U DDLA/41/1 - 14 Accounts

U DDLA/41/15 - 24 Correspondence

U DDLA/41/25 - 38 Various

The papers of James and Eliza Virgo Scarlett catalogued as U DDLA/41 were deposited in Hull University Archives in 1974 by Joyce Elizabeth Mary, Countess Fitzwilliam (nee Langdale), as part of a larger deposit of family papers for the Langdales of Houghton Hall in the East Riding of Yorkshire. The papers largely consist of the estate correspondence and accounts of Eliza Virgo Scarlett for sugar plantations in Jamaica. Some accounts and lists of debts pre-date the death of her husband, James Scarlett, in 1798. The collection contains her letter book 1798-1806, when she was conducting her affairs from England. Letters to her 1798-1817 are largely from solicitors and land stewards and agents. Property papers include lists, valuations and reports on slaves, who are named, with their physical condition and other attributes such as reliability (or alleged lack of it) included. For example, a list of 1806 describes Frederick as 'a notorious runaway' while a list of 1816 describes Washington as 'well disposed'. Women's pregnancies are noted along with numbers of children. This collection is a valuable source of information about the ecomomy of slavery and its human consequences in the West Indies. Other items in the collection include the will of Sarah Gallimore (1806) who left to her three daughters, one of whom was Eliza Virgo Scarlett, named slaves and the will of Eliza Virgo Scarlett (1820). There is also a bundle of letters and a press cutting about the sale of the Green Vale estate in 1802.

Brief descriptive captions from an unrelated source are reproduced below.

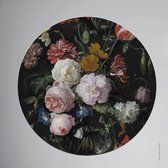 Zelfklevende behangcirkel met matte textiel uitstraling bloemen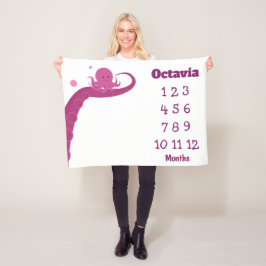 Rosa Octopus Namn Milestone Fleece Blanket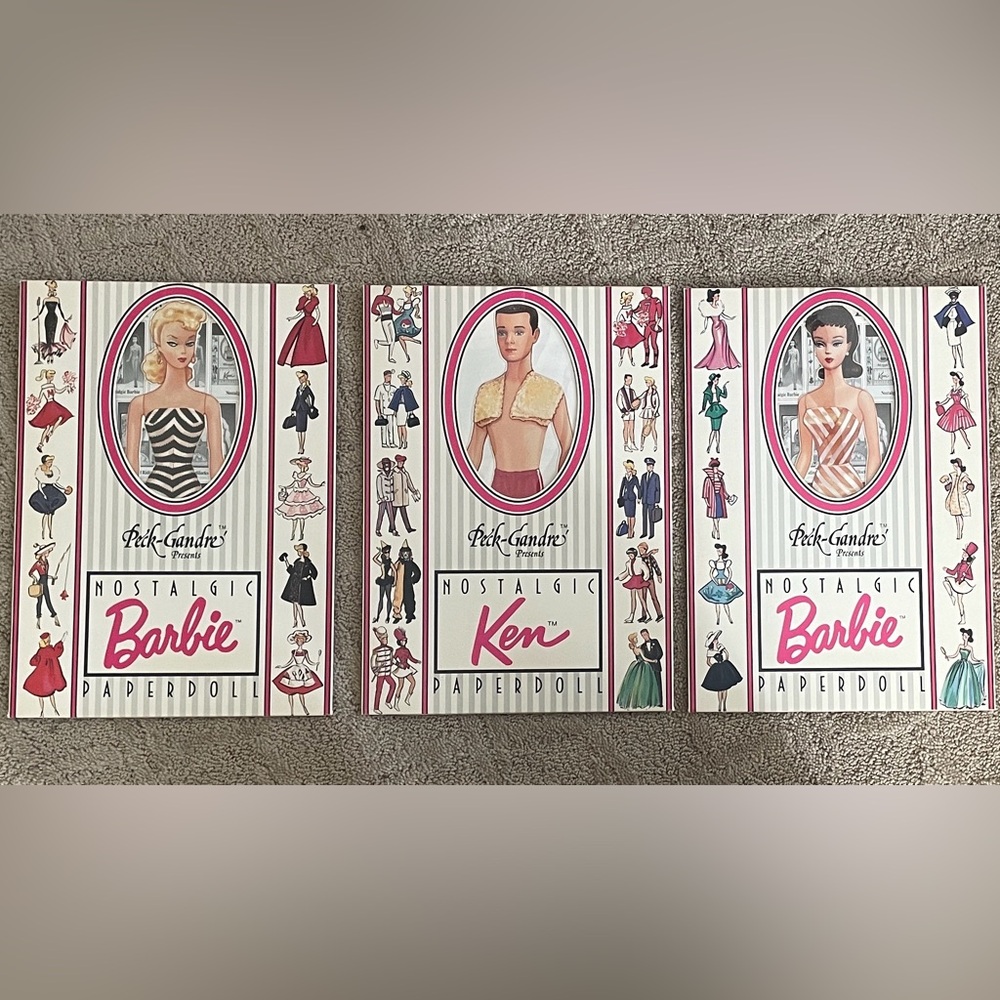 Barbie & Ken Nostalgic Paper Doll Box Set with Pink Accents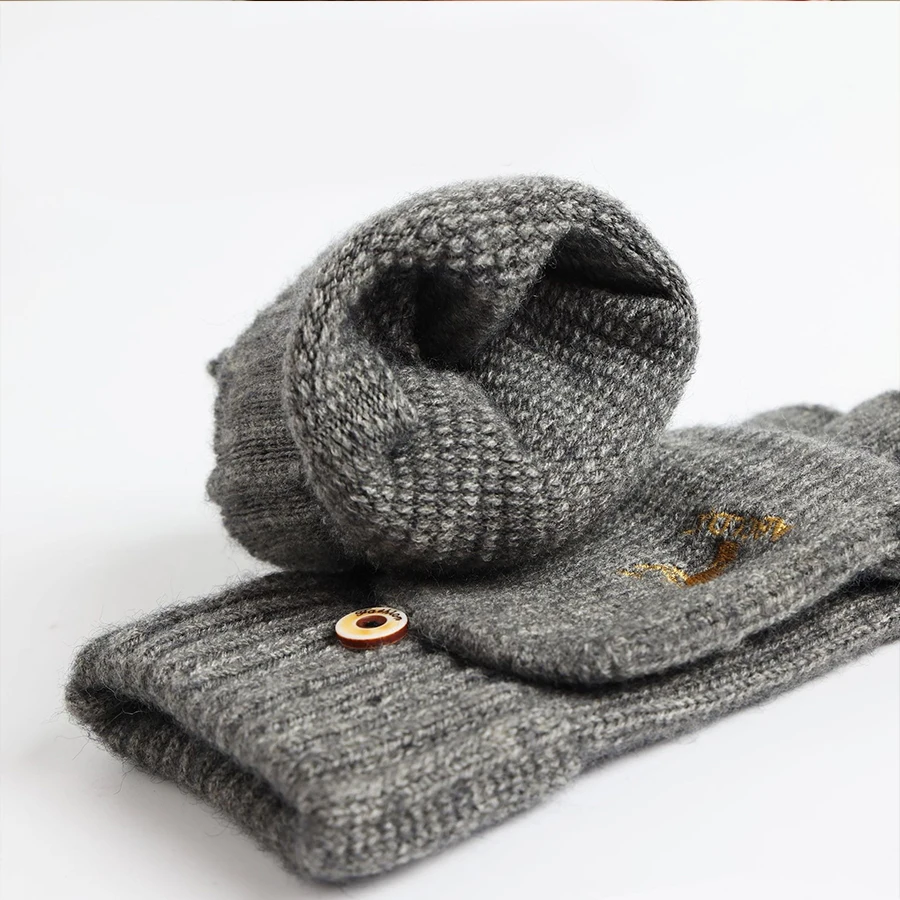 قفازات قابلة للطي تعمل باللمس، قفازات ركوب حرارية شتوية مع بطانة من الصوف، للجنسين للرجال والنساء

Administrative / Biographical History

Eliza Virgo Scarlett was married to James Scarlett (d.1798). The latter is not to be confused with James Scarlett (1769-1844), 1st Baron Abinger, who was a first cousin and also owned an estate in Jamaica.

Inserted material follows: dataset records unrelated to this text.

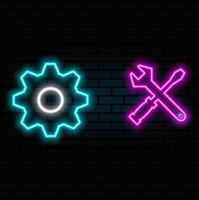 neon style.Set wrench and gear icon. Adjustment, service, configuration, maintenance, repair, fixing. illustration vector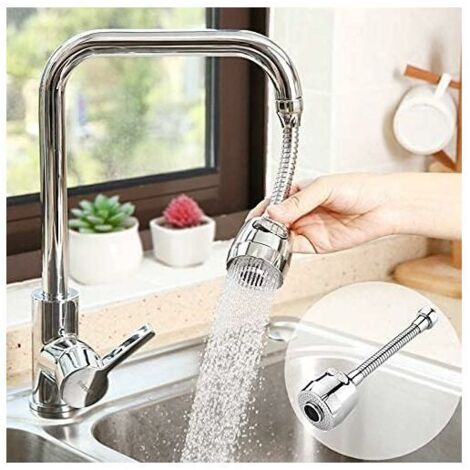 Economie D'Eau Embout De Filtre,Tête De Robinet De Cuisine Mobile 360 Degrés,2 Modes Réglable Douche Tête Filtre Pulvérisateur Pour Cuisine Salle De Bain (Argent)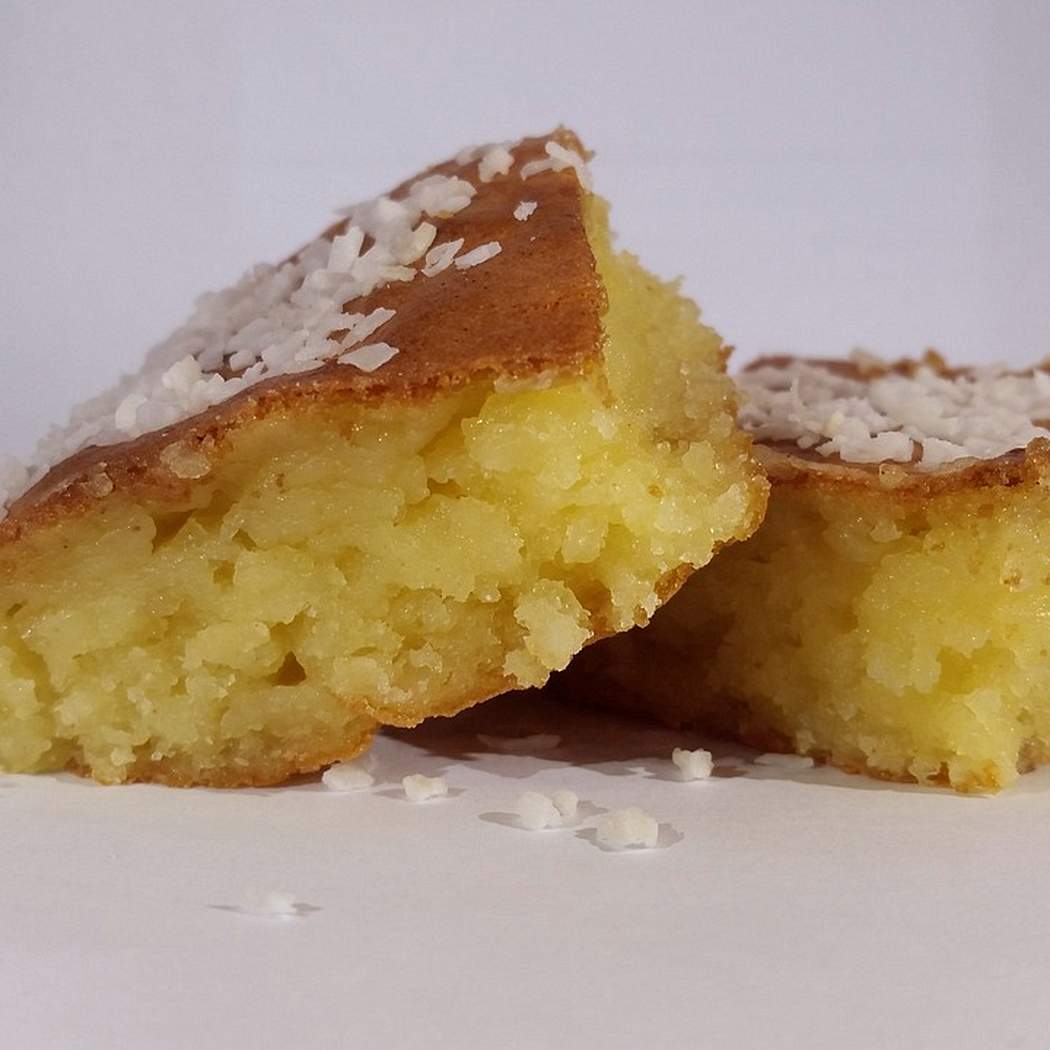 Grootmoeders mango en kokos zomertaart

James Scarlett died in 1798 and Eliza Virgo Scarlett returned to England from Jamaica and ran her inherited Thicketts Estate, Peru, and Green Vale Estate, both of which were in Jamaica, from there. The papers in the collection originate from her management of these two sugar plantations. She owned and rented slaves and produced rum. When her husband died he left many debts and she sold the Green Vale Estate to cover these in 1802. Her mother's death in 1806 increased her assetts and what was left when she died in 1821 was passed to her children, Mary James Scarlett and Eliza Virgo Scarlett junior. The latter married General Phineas Riall, who owned considerable estates in Ireland and it may be that the papers passed, like other Irish papers in DDLA of the O'Kelly and Grattan families, to the Langdale family through intermarriage.